Both birth and clobber act as optimization barrier for loads and stores
of the affected variable, that's good for the purpose but possibly bad
for optimization.  I checked and for example loop store motion does consider
clobbers inside a loop as reason to not optimize.

And with the current scheme we don't even optimize cases like

struct Foo { int i; int j; int a[24]; };

void bar(struct Foo f);

void baz()
{
  struct Foo f, g;
  f.i = 1;
  bar (f);
  g.j = 2;
  bar (g);
}

as nothing hoists the clobbers we only put at the end of the function and
thus f and g appear to conflict (we only use clobbers to compute live,
for not address taken vars we could rely on mentions only).

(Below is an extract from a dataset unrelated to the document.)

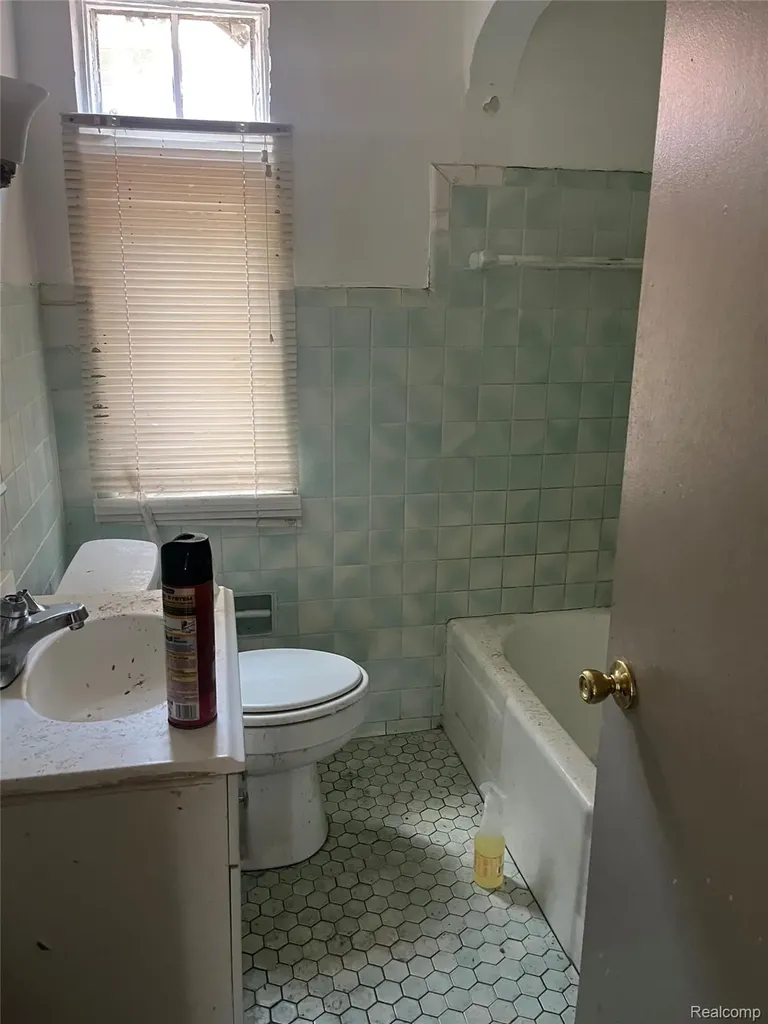 14953 Pinehurst Street Detroit City MI 48238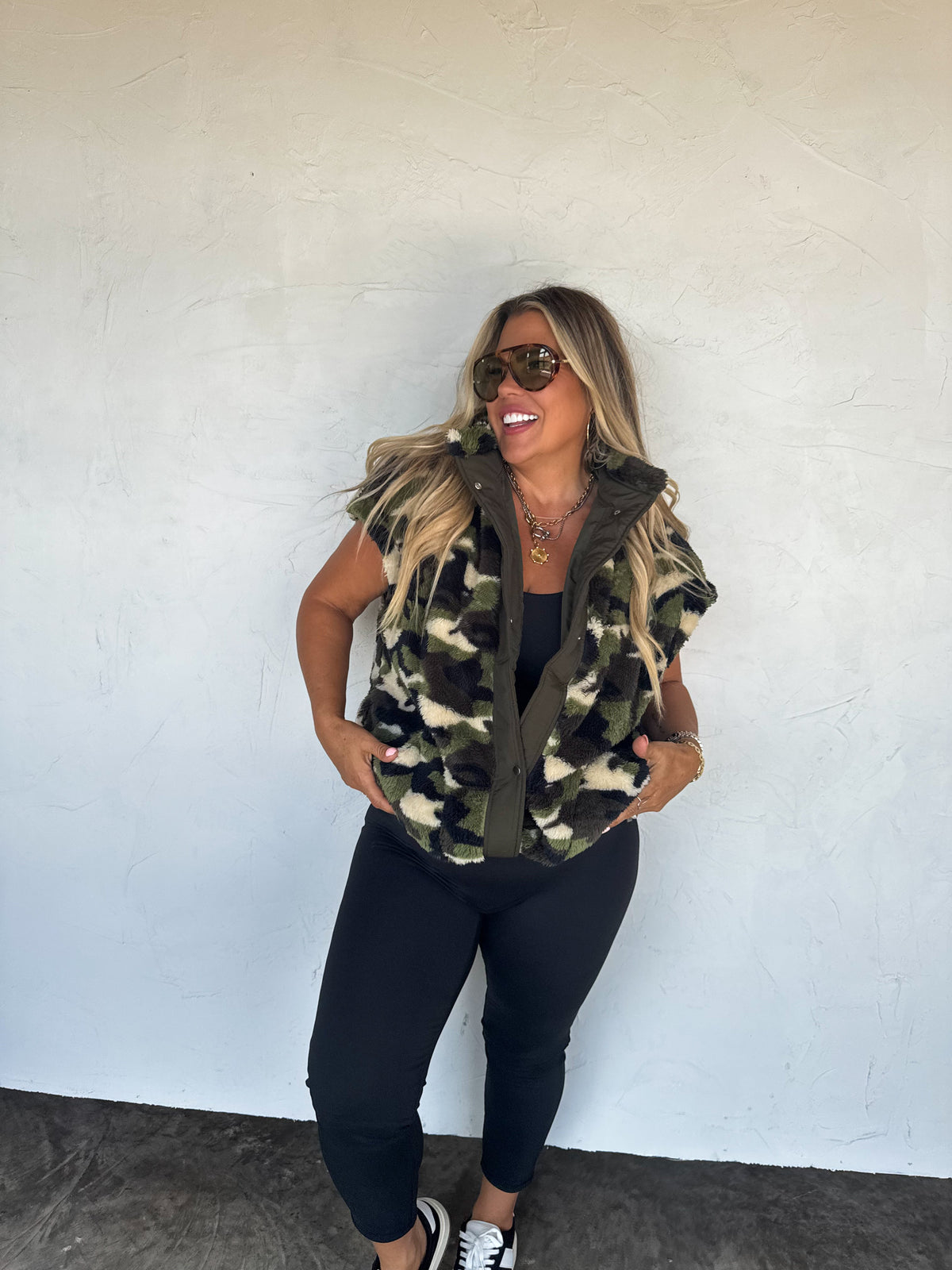 LINDEN SHERPA VEST JACKET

I don't think we can reasonably fix all of the issue on branches and I
have my doubts for GCC 12.
Comment 13 Richard Biener 2022-02-02 11:44:44 UTC
So I have a patch that adds explicit birth markers (using clobbers specially marked).  That works well sofar but it conflicts with clobbers (not marked as birth) that are added for clobbering at the start of variable lifetime like
C++ does at the beginning of CTORs.  I for example see

  inst ={v} {CLOBBER(birth)};
  inst ={v} {CLOBBER};  (**)
  inst.v = 42;
...
  inst ={v} {CLOBBER};

where (**) is inserted by the C++ frontend (with -flifetime-dse which is
the default).  Indeed my life analysis for the purpose of stack slot
sharing now only relies on the birth/death markers so it gets confused
by the extra clobber.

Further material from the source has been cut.